Ja, als je last-minute toch verhinderd bent, hoe laat je dat weten?

 

Ja, het academisch kwartiertje noemen ze dat ook soms, hé. En mensen vragen zich af: wat is dat nu? Wel, het academisch kwartiertje begint eigenlijk voor het aanvangsuur. Je mag eigenlijk vijf minuten te vroeg zijn. Of tien minuten te laat. Dat is het academisch kwartier.

Wanneer verwittig je, als je te laat bent? Dat verwittig je op het uur. Dus, stel bijvoorbeeld, diner start om zeven uur. En je ziet op je gps: het wordt twintig over zeven. Dan bellen we, of laten we het weten, om zeven uur exact, dat we later zullen zijn. Vijf voor zeven zijn we nog altijd niet te laat. Dus, om zeven uur.
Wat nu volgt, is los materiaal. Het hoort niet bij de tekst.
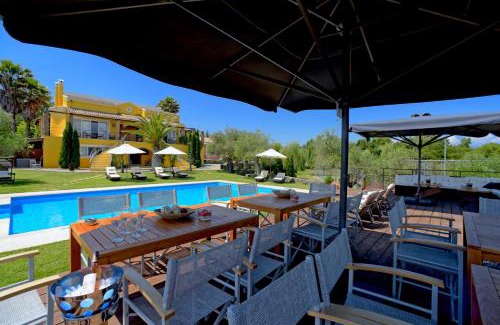 Gouvia Villa | Beautiful 9-Bed Villa in Gouvia with Tennis Court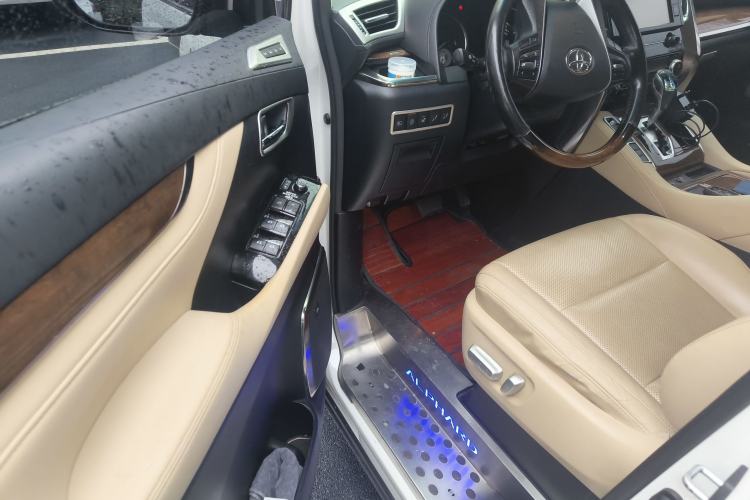 Used Toyota Alphard 2018 3.5L Prestige Edition Driver Seat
Als we helemaal, echt last-minute, verhinderd zijn, dan gaan we dat natuurlijk zo snel mogelijk laten weten. En gaan we ook een duidelijke reden geven, als de privésfeer dat toelaat.

 

Ja. Ik ben naar een mooi evenement geweest. Dan is het misschien ook wel gepast, om de gastheer, achteraf, een bedankje te sturen.

 

Altijd. En dat is ook een vergeten kunst, uiteraard, hé. Dus, als dat nu gaat van een lunch, waar u uitgenodigd bent, tot een groot, mooi evenement, dan gaan we altijd de gastheer of gastvrouw, een bedanking sturen.

Niet in de vorm van een geschenk, maar geschreven. Bij voorkeur een kaartje. Als dat niet kan, op zijn minst een e-mail.

 

Vincent, dank je wel voor al je kennis te delen, in al deze afleveringen over etiquette.

 

Met veel plezier. Het was heel fijn.

 

En u, beste kijker, bedankt voor het kijken en alweer tot volgende week.